(Stored dataset items)
• • •
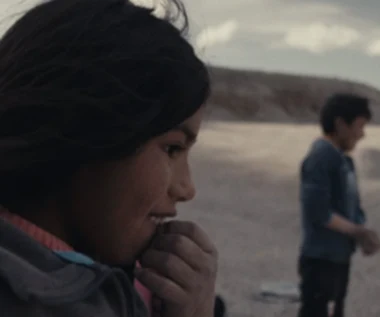 O istnieniu tego świata wolimy nie wiedzieć! Cena posiadania smartfona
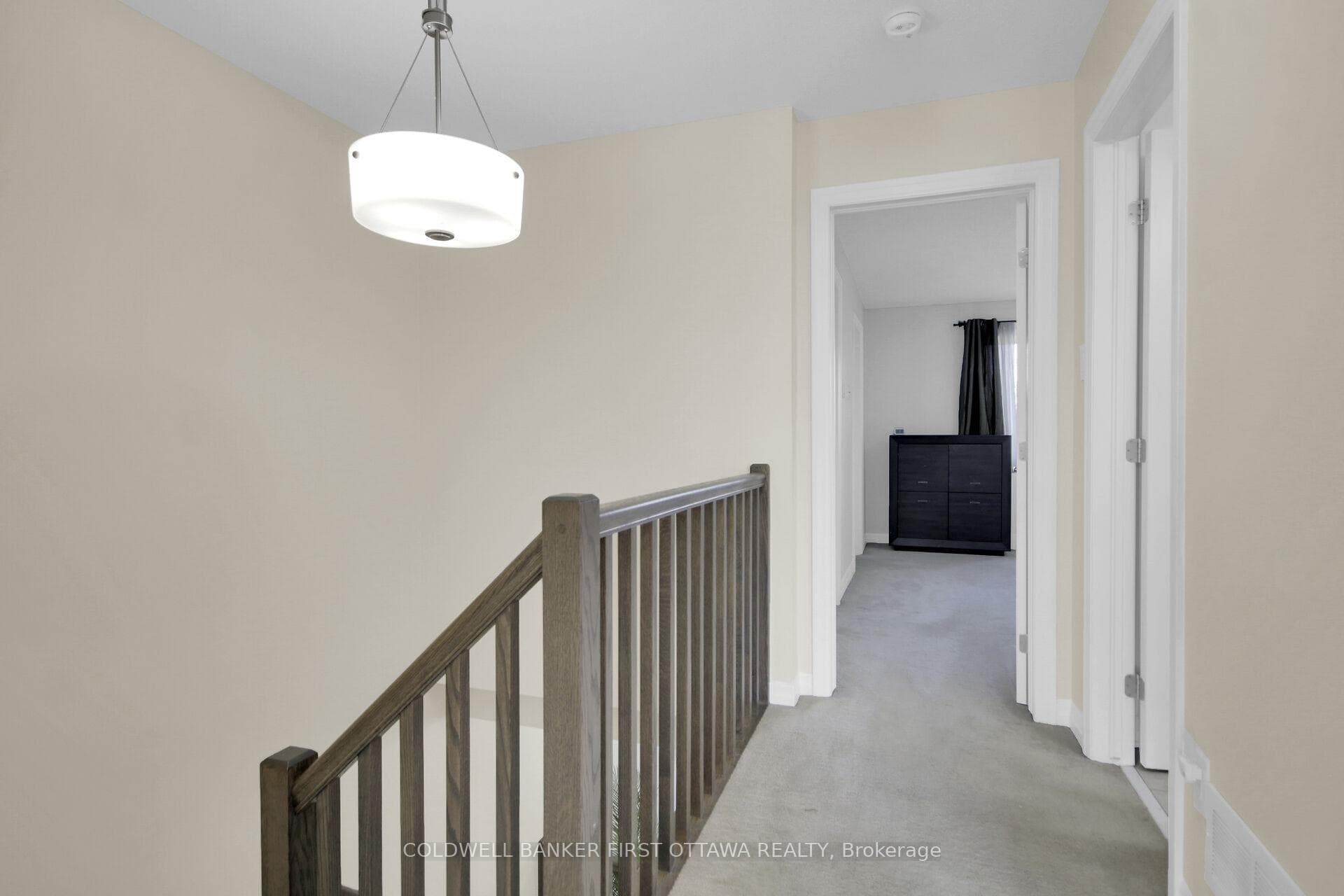 168 Hawkshaw Crescent photo 19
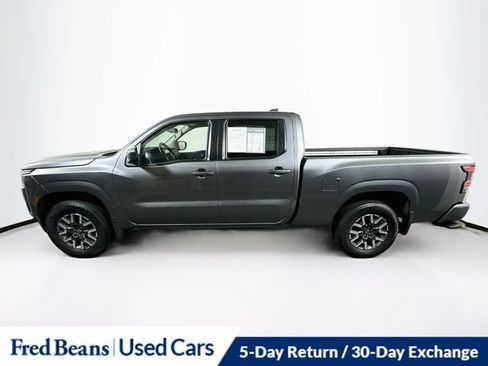 Used 2023 Nissan Frontier SV w/ Technology Package AWD/4WD image 5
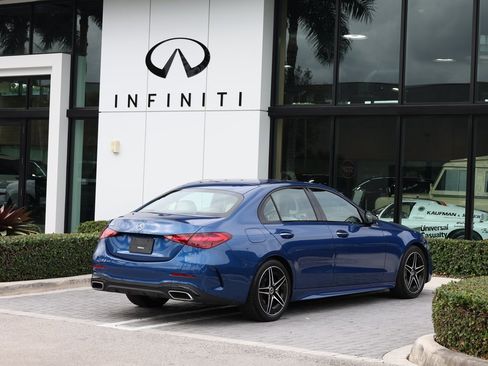 Used 2023 Mercedes-Benz C 300 Sedan image 4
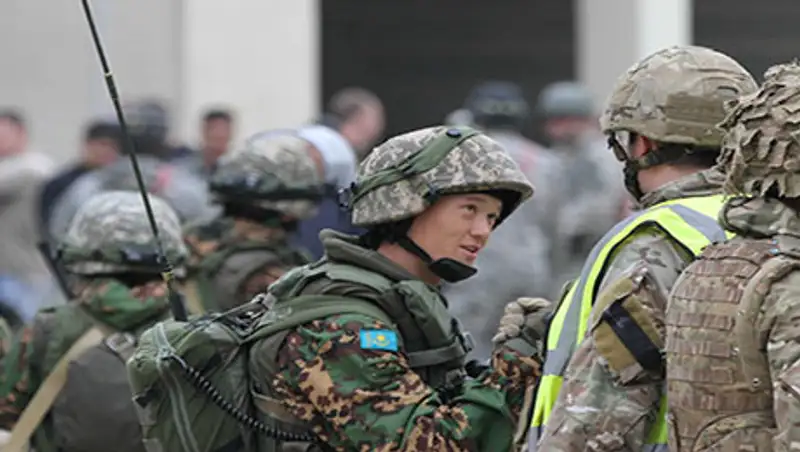 Казахстанские военнослужащие осваивают современные средства связи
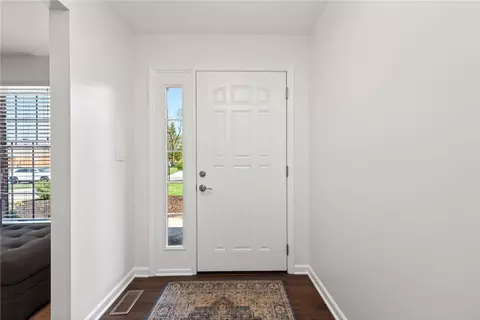 Entry Way - 1524 Lindenhurst Dr, Centerville, OH 45459 photo 2 of 5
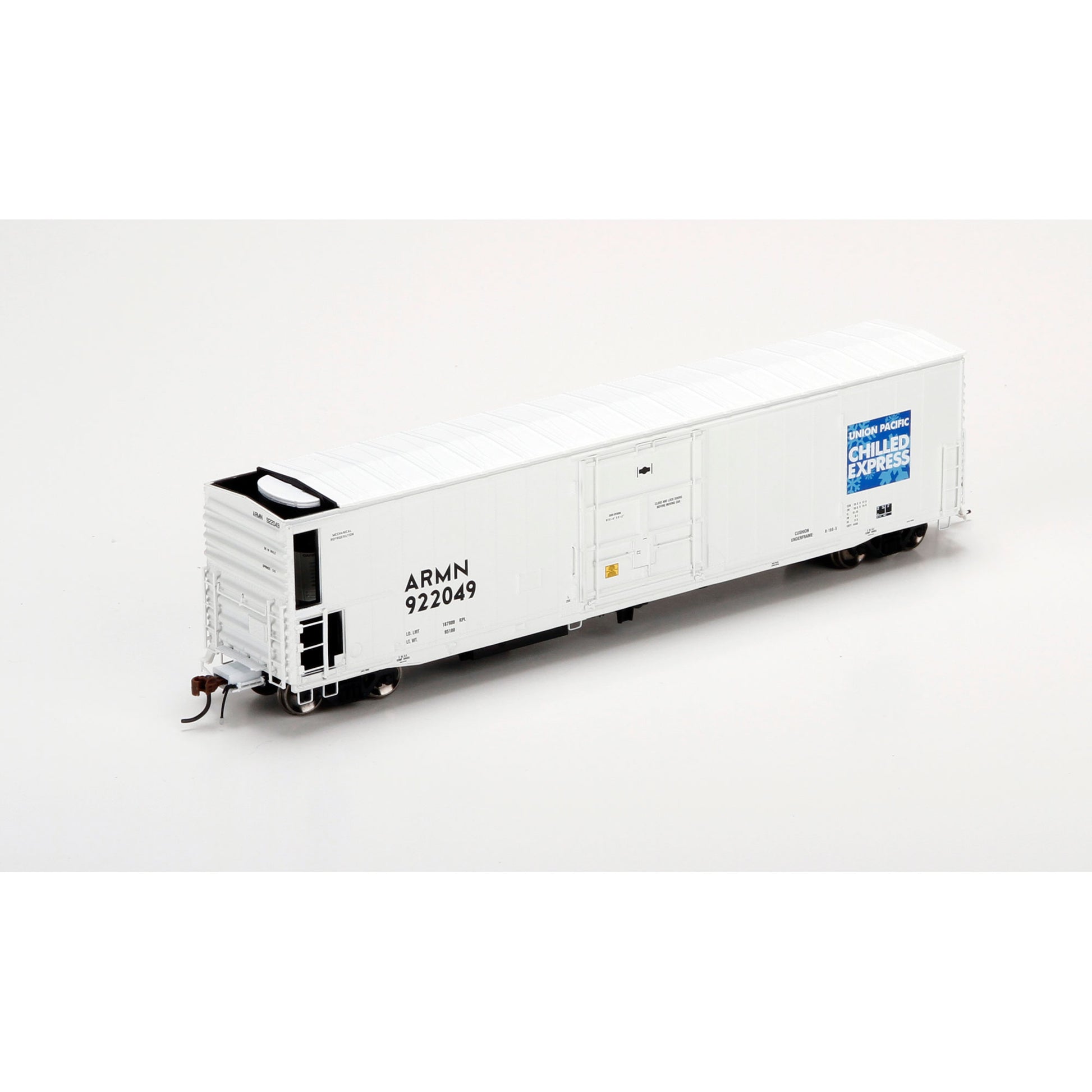 Athearn G63370 HO Union Pacific/ARMIN 57' Mechanical Reefer with Sound #922049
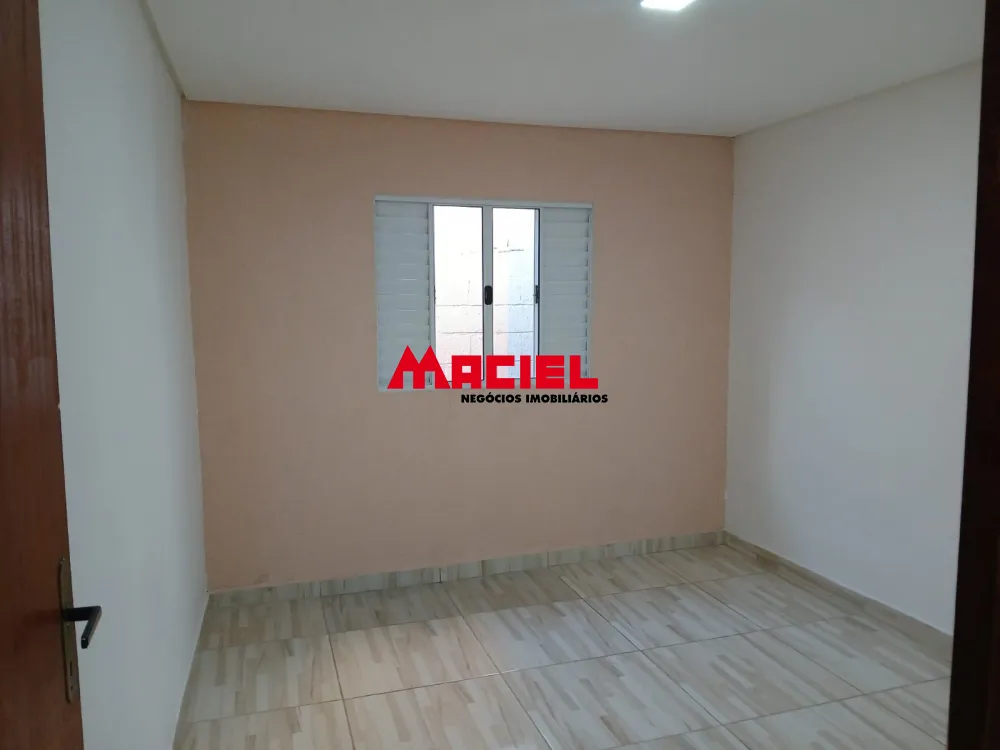 Alugar Casa / Padr&atilde;o em S&atilde;o Jos&eacute; dos Campos R$ 3.000,00 - Foto 1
• • •
HOW TO COMPLETE THIS TASK
In the answer, repeat exactly the lines from the top of the entries above through the line with "Used 2023 Mercedes-Benz C 300 Sedan image 4", and leave pictures out of it.

ANSWER SECTION
 O istnieniu tego świata wolimy nie wiedzieć! Cena posiadania smartfona
 168 Hawkshaw Crescent photo 19
 Used 2023 Nissan Frontier SV w/ Technology Package AWD/4WD image 5
 Used 2023 Mercedes-Benz C 300 Sedan image 4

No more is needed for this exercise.